» **Exercise requirements**: Copy exactly the lines of the data below that run from the line holding "this 195×300 image." through the line holding "this 952×1270 image.", both ends included.

» **Record excerpts**:
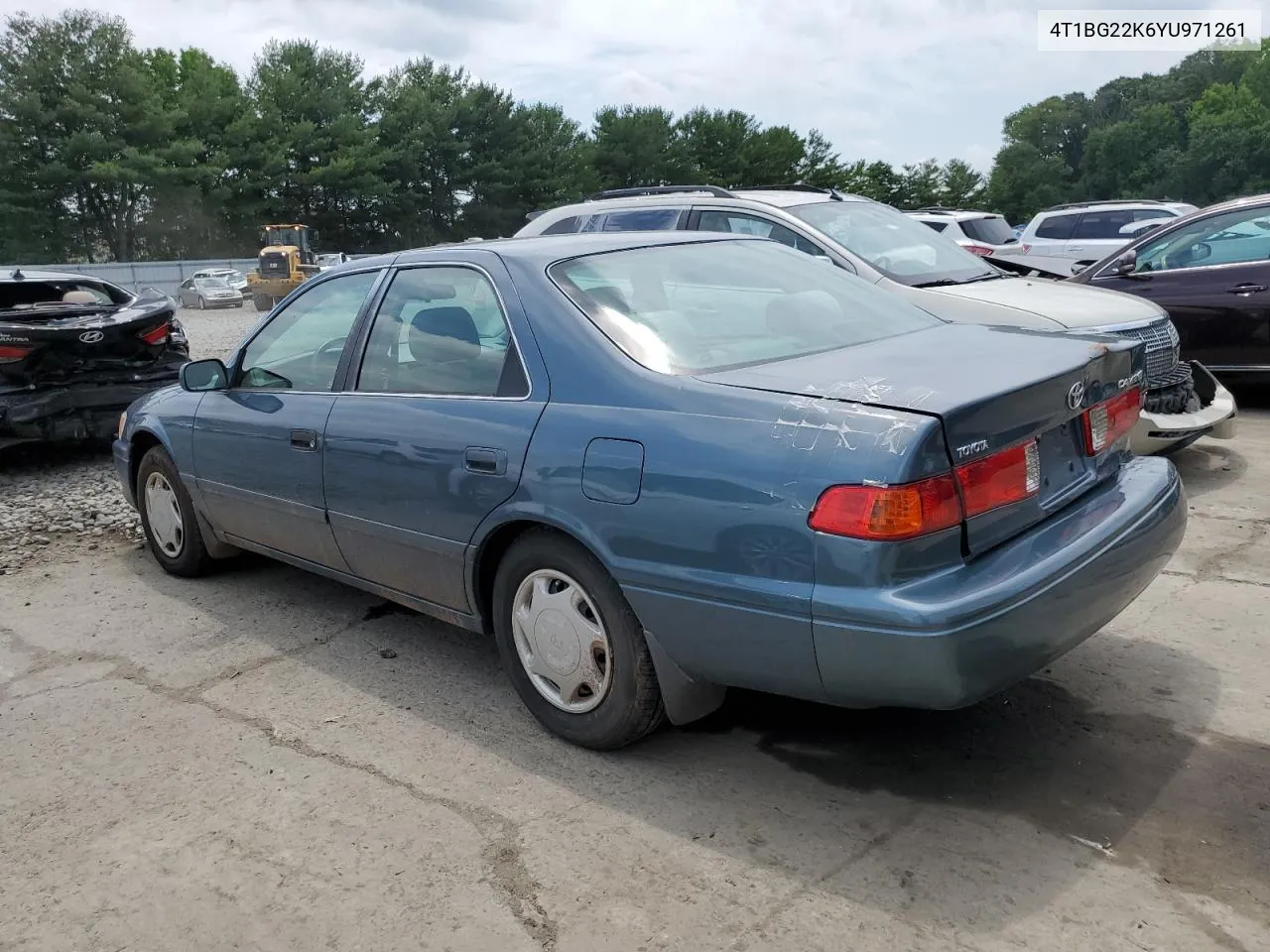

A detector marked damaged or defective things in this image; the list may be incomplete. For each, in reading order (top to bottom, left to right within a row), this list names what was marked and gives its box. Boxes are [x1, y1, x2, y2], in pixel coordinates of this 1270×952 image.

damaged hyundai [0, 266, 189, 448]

==

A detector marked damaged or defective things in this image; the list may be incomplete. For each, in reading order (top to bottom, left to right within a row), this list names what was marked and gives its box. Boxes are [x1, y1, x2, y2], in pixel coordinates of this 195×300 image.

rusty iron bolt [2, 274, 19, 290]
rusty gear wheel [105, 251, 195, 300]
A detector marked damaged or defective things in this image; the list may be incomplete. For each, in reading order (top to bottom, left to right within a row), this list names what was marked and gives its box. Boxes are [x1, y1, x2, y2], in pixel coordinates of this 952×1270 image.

» **Result**:
A detector marked damaged or defective things in this image; the list may be incomplete. For each, in reading order (top to bottom, left to right within a row), this list names what was marked and gives its box. Boxes are [x1, y1, x2, y2], in pixel coordinates of this 195×300 image.

rusty iron bolt [2, 274, 19, 290]
rusty gear wheel [105, 251, 195, 300]
A detector marked damaged or defective things in this image; the list may be incomplete. For each, in reading order (top to bottom, left to right within a row), this list names what was marked and gives its box. Boxes are [x1, y1, x2, y2], in pixel coordinates of this 952×1270 image.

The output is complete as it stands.